Monday, January 9, 2012
Herbin' Legend: Swedish Bitters
This past year, I enjoyed taking beginner's steps in making some of our own herbal medicinals. Many medicinal plants are what mainstream gardeners consider weeds. Others can be found as easily as looking right in a basic spice collection.
My focus is to use herbs to both help cleanse and regenerate...detoxify and nurture healing. We use most of our herbs right now in the form of teas made as either infusions (hot or boiling water poured over an amount of herb and steeped) or decoctions (herb brought to a particular temperature/boiling for an amount of time) depending on the recommendation I find in some of the books I have. Sometimes we use herbal tinctures, since we don't always have a good source for the fresh plants or the dried herb (and if bought they can be expensive). The tinctures preserve the dried or fresh herbs beautifully...there are specific ways to tincture specific plants, and specific parts of the plants and harvest times that are optimal...so I am using herbal how-to books a lot right now to learn those things. I'll make a list of some of the books I'm really loving...soon :)

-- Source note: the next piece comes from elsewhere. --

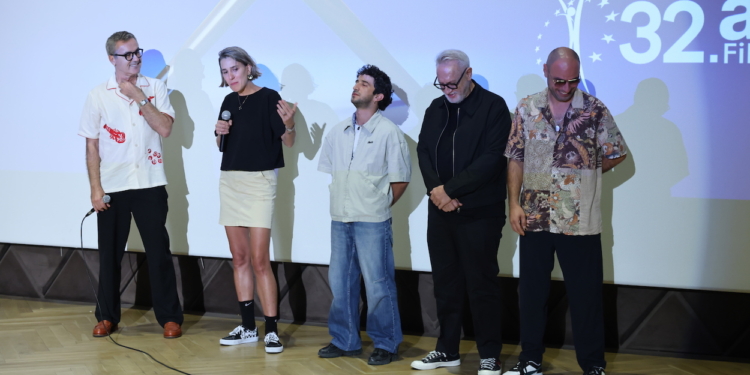 Adana Altın Koza’da dün: Uçan Köfteci, Cinema Jazireh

An interesting development has been that Jack and I have discovered that our personal diets often lacked foods that are bitter, to whatever degree. Many of the herbs we are using have varying degrees of bitterness, not all unpleasant. As we accustom ourselves to drinking these throughout the day, and pairing them with better foods including greens that sometimes have a bitter taste, we've come to realize that the actual bitterness within these healing foods is something we've been lacking. Oftentimes, they help cleanse and tone our bodies, noticeably our muscles, and as a result Jack has had less muscle wear and tear, and less pain or recovery time when his physically-active job runs long. His legs used to be in knots when he tried to sleep, and he was often plagued with cramps and muscle fatigue.
Tonics made of bitter herbs have been around for lifetimes.
In reading a couple books by the late Austrian herbalist Maria Treben, she repeatedly mentions a particular bitters tonic called Swedish Bitters...here's an article that describes it in more detail.
I decided to make my own Swedish Bitters tincture from the original "recipe," and found a way to order it here (no, I don't get paid to mention this, it's simply where I ordered it).
It's as simple as adding at least 40 proof alcohol to the dried herb mix, covering it and letting it steep in a warm place (sunlight's ok) for 2 weeks, shaking it daily to make sure it gets distributed throughout the liquid. Then you can strain the liquid off into amber bottles for use. The instructions state that the herb can be left in the larger container and small amounts strained off as needed.
The herb mixture has a camphor-ish smell, not unpleasant. (Do any of you get a kick smelling herbs like I do?? OK, maybe I'm weird, but I love it) I lidded my jar with the standard canning lid and ring, but put a piece of plastic wrap underneath it before screwing it on to prevent the alcohol from coming into contact with the metal.
We'll use this, when it's done, for a variety of household DIY personal care needs topically as well as take it as a tincture whenever we want our bitters "tonic."
I made some of this years ago, and it keeps indefinitely once made and stored in a dark closet. It darkens considerably to a black-brown slurry which takes on the strong smell and healing properties of the herbs, for so many uses, it's sort of a herbal workhorse. I'll write more on it as we strain off the finished product and use it, but I wanted to include these quick pics to show how easy it is to make, and to see if any of you out there have ever used Swedish bitters or any other bitters formula before.
Anyone? I'd love to hear your go-to homemade herbal "old faithfuls"!